L'affaire dite « Le Scouarnec » montre qu'un dispositif de contrôle peut exister sur le papier sans empêcher, en pratique, qu'une personne dangereuse continue d'exercer auprès d'enfants pendant des années. Ce chirurgien, condamné en 2005 pour détention d'images pédopornographiques, n'a fait l'objet d'aucune interdiction d'exercer auprès de mineurs, et son casier judiciaire n'a été mis à jour que plus d'un an après sa condamnation. Lorsque l'information de cette condamnation est remontée jusqu'à l'hôpital, à l'Ordre des médecins, puis au ministère de la Santé, aucune décision n'a finalement été prise : chaque institution s'en est tenue à sa propre compétence, sans qu'aucune ne se charge réellement du dossier. Il a continué à exercer pendant douze ans, faisant plusieurs dizaines de nouvelles victimes sur cette période.
Ce fiasco administratif n'est pas le résultat d'un vide juridique : la possibilité d'écarter le chirurgien existait déjà en droit. C'est la coordination entre les acteurs chargés de la mettre en œuvre qui a échoué, chacun renvoyant le dossier à l'autre jusqu'à ce qu'il se dissolve dans les arcanes administratives. L'article 5 crée un dispositif de contrôle des antécédents judiciaires considérablement élargi, mais un dispositif aussi ambitieux ne vaut que s'il fonctionne réellement en pratique, dans la coordination quotidienne entre administrations, employeurs et ordres professionnels.
Le présent amendement applique au secteur de la santé la même logique d'automaticité déjà retenue pour les autres secteurs visés par cet article : l'interdiction temporaire devient le principe dès la mise en examen ou la condamnation non définitive, et l'autorité compétente ne peut y déroger que par une décision spécialement motivée, établissant l'absence de risque réel. Le respect du contradictoire est maintenu, l'intéressé conservant la possibilité de présenter des observations avant que la mesure ne soit ou non prononcée.
Dispositif
Substituer aux alinéas 179 à 189 les treize alinéas suivants :
« III. – Lorsque l’incapacité n’est pas confirmée et que l’intéressé mentionné au I fait l’objet, à raison de l’une des infractions mentionnées au I de l’article L. 1191‑1, d’une mise en examen ou d’une condamnation non définitive mentionnée au fichier judiciaire national automatisé des auteurs d’infractions sexuelles ou violentes, l’autorité administrative compétente prononce sans délai à son encontre une interdiction temporaire d’exercer toute fonction ou toute activité au contact des usagers du système de santé dans les lieux soumis à incapacité en application du même I.

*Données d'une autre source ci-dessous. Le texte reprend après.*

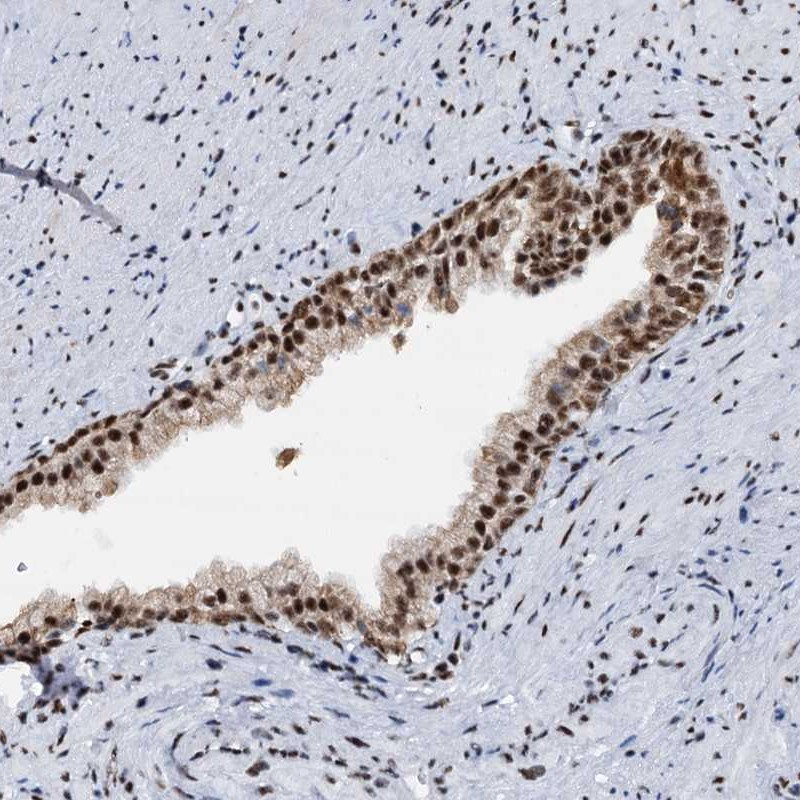 Immunohistochemical staining of human prostate shows strong nuclear positivity in glandular cells.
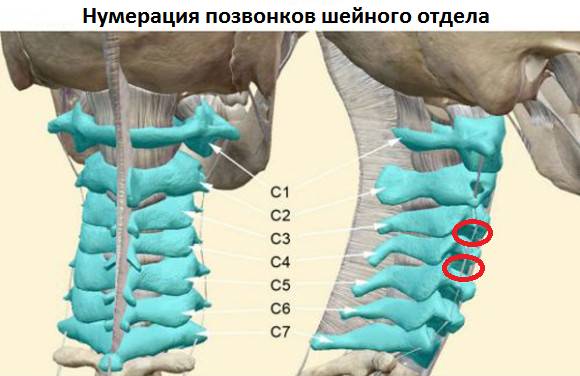 В красных овалах – поражённые диски-«виновники» ощущения кома в горле В красных овалах – поражённые диски-«виновники» ощущения кома в горле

« Cette interdiction temporaire s’applique au plus tard jusqu’à l’intervention d’une décision définitive rendue par la juridiction compétente.
« Par dérogation au premier alinéa du présent III, l’autorité administrative compétente peut, par décision spécialement motivée, ne pas prononcer cette interdiction lorsqu’il est établi que l’exercice des fonctions ou de l’activité de l’intéressé ne présente pas de risque pour la santé ou la sécurité physique ou morale des usagers du système de santé.
« Cette décision est prise au regard de la nature de l’infraction, du statut pénal de l’intéressé, des fonctions exercées ou demandées, des conditions d’exercice de ces fonctions et des garanties permettant de prévenir tout contact à risque avec les usagers du système de santé.
« L’intéressé est informé sans délai de la mesure d’interdiction temporaire ou de la décision de ne pas la prononcer. Il est mis à même de présenter des observations écrites et, sur sa demande, des observations orales, dans des conditions fixées par décret en Conseil d’État.
« L’interdiction temporaire d’exercice prononcée en application du présent III emporte, selon les cas, la suspension du contrat de travail, du contrat de mission, des fonctions exercées, de la mise en stage ou en formation au contact des usagers du système de santé, ou la mise en disponibilité de l’intéressé pour la durée de la mesure d’interdiction.
« Art. L. 1191‑3. – Lorsque le contrôle prévu au II de l’article L. 1191‑1 visant une personne qui n’est ni agent public, ni salarié, ni personnel relevant de l’article L. 6152‑1, ni élève ou étudiant révèle :
« 1° Une condamnation définitive entraînant une incapacité au sens du I de l’article L. 1191‑1, l’autorité compétente notifie à l’intéressé une interdiction d’exercer au contact des usagers du système de santé ;
« 2° Une mise en examen ou une condamnation non définitive mentionnée au fichier prévu à l’article 706‑53‑7 du code de procédure pénale, l’autorité compétente prononce sans délai à son encontre une interdiction temporaire d’exercer au contact des usagers du système de santé.
« Cette interdiction temporaire s’applique jusqu’à l’intervention d’une décision définitive rendue par la juridiction compétente.
« Par dérogation au 2°, l’autorité compétente peut, par décision spécialement motivée, ne pas prononcer cette interdiction lorsqu’il est établi que l’intervention de la personne concernée ne présente pas de risque pour la santé ou la sécurité physique ou morale des usagers du système de santé.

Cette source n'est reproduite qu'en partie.